Uganda will be the third country to deploy troops after contingents from Kenya and Burundi arrived in the eastern Democratic Republic of Congo.
The Ugandan army said Monday it will send 1,000 troops to the neighboring Democratic Republic of Congo (DRC) later this month to join a regional force mandated to help end decades of instability.
The seven countries of the East African Community (EAC), which the DRC joined this year, agreed in April to set up a force to fight militant groups in the east.

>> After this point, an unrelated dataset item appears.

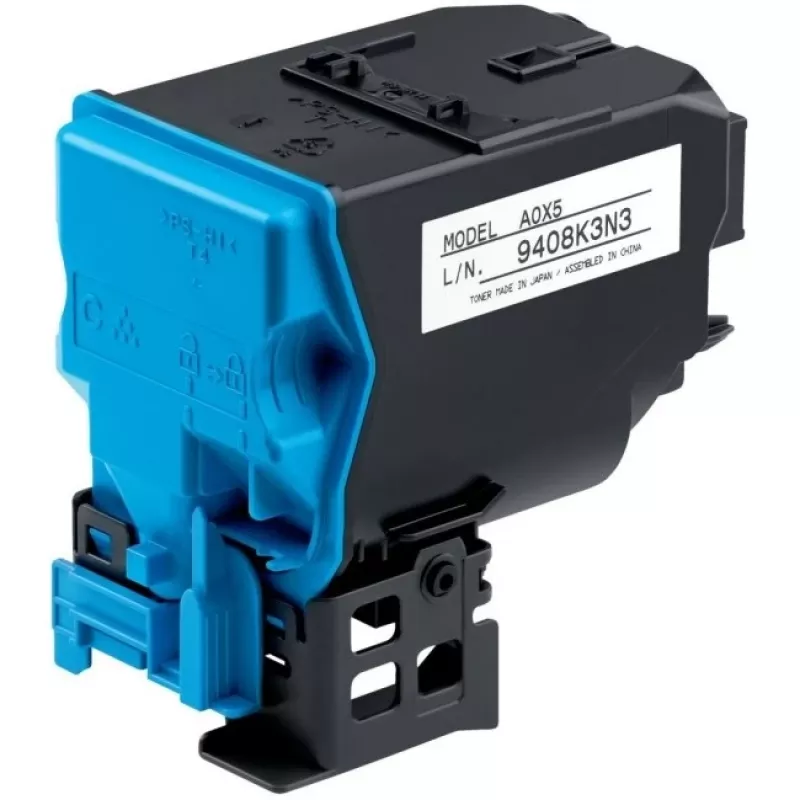 “Konica Minolta” TNP-27C tonerio kasetė, 1 vnt., Originali, žalsvai mėlyna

Uganda will be the third country to deploy troops after contingents from Kenya and Burundi have arrived in the area, said Ugandan army spokesman Felix Kulayigye. But some activist groups and officials have opposed their participation because of Uganda’s role in the DRC conflict.
In September, Uganda paid Congo $65 million, the first payment of $325 million in reparations for losses caused by Ugandan troops occupying Congolese territory in the 1990s.
Eastern Democratic Republic of Congo is already home to hundreds of Ugandan troops, deployed nearly a year ago under a separate bilateral agreement to help hunt down ISIL’s ally group, the Allied Democratic Forces (ADF).
Despite billions of dollars spent on one of the United Nations’ largest peacekeeping forces, more than 120 armed groups continue to operate in large swathes of eastern Congo, including the M23 rebels, whom the Congo has repeatedly accused Rwanda of supporting. Kigali denies the claims.
The UN says it found evidence contrary to Kigali’s claims.
The M23 has carried out a major offensive this year, seizing territory, forcing thousands of people from their homes and sparking a diplomatic row between Congo and Rwanda.
On Friday, the EAC said former Kenyan President Uhuru Kenyatta and Rwandan President Paul Kagame had agreed on the need for the M23 rebels to cease fire and withdraw from captured territory.